# Another food dream



## chrose (Nov 20, 2000)

I have always had rather vivid and odd dreams. Many play out for a long time, like little mini movies of the week. Last night among other things I dreamt I was going to college and couldn't afford nor wanted to be in a frat so I moved into a dorm room with like 10 other people!
But the dream then switched to a banquet hall where I had a bunch of items that I had been working on. Sugar baskets, chocolate flowers, etc. I turned around and the bus staff had moved my things and presented the food. I had a large dinner plate in front of me. On it was about 12 or so jumbo peeled and chilled shrimp. Next to them was a tomato granite of some sort that was quite flavorful.
On the side was a small bowl of homemade potato chips, thinly sliced and fairly dark brown, but not burned, and a bowl of what I took to be cocktail sauce but was a sort of tomato and horseradish confit with danish baby shrimp in it. Fairly thin but rich in color. An odd dream to have don't you think?
Any other food dreams out there?

That reminds me of how desperately I used to desire to eat at Jean Louis at the Watergate Hotel in DC that I used to dream I was working there, or auditioning for the kitchen, or eating at the restuarant. However even in the dream I never got to try his food!!!

As long as I'm going on, that reminds me for anybody who finds it interesting (since I mentioned auditioning) I once applied for a job at the Inn at Little Washington for Patrick O'Connell. They would bring me in for a weekend at my expense and I would work for a Friday night, Saturday and Sunday. No pay. I would be tested at all stations, quizzed and cook a meal for the staff I think (it was a long time ago) that would be my audition. I decided against it for a variety of reasons. Not the least of which would be the cost to me! 
Just thought I'd add that since it came to mind.


----------



## nancya (Apr 30, 2001)

I love dream analysis....haven't had the chance to play with someone's head for a while....

Freud is the easiest...you know what he would say, right? This is still a family board so I can't be explicit, but I mean...the shrimp alone are pretty obvious.

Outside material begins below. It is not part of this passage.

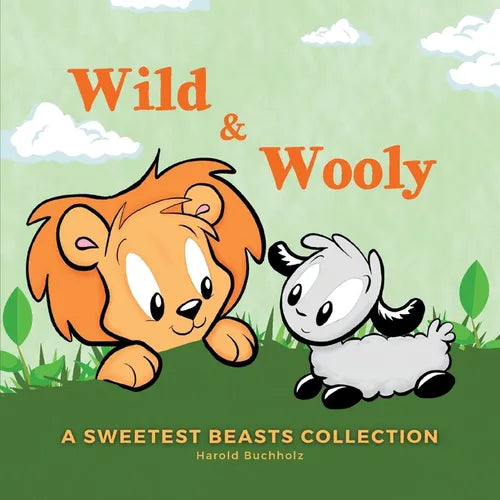 Wild & Wooly - Paperback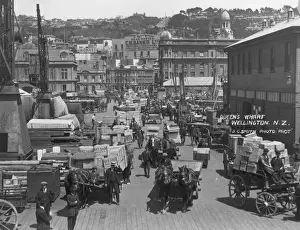 Queens Wharf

Jung would say that each of the components of the dream represent parts of you. You start with an apparent frustration - not wanting to/not being able to afford the frat (cognistive dissonance) so you find yourself in a dorm with 10 other people (all of whom represent you - male and female alike). You don't tell us how you felt about that and that's important.

You move on into an anxiety provoking situation...trying to do complicated work and having your needs moved (by you)...but you aren't anxious, you appear to be calmly enjoying your dinner (which sounds quite lovely...and still represents parts of you). Understanding how you felt about the things going on around you would be important in the dream analysis...with what you've presented here, I might ask whether you are facing a decision or are being a bit overwhelmed with multiple tasks. But that's just guessing.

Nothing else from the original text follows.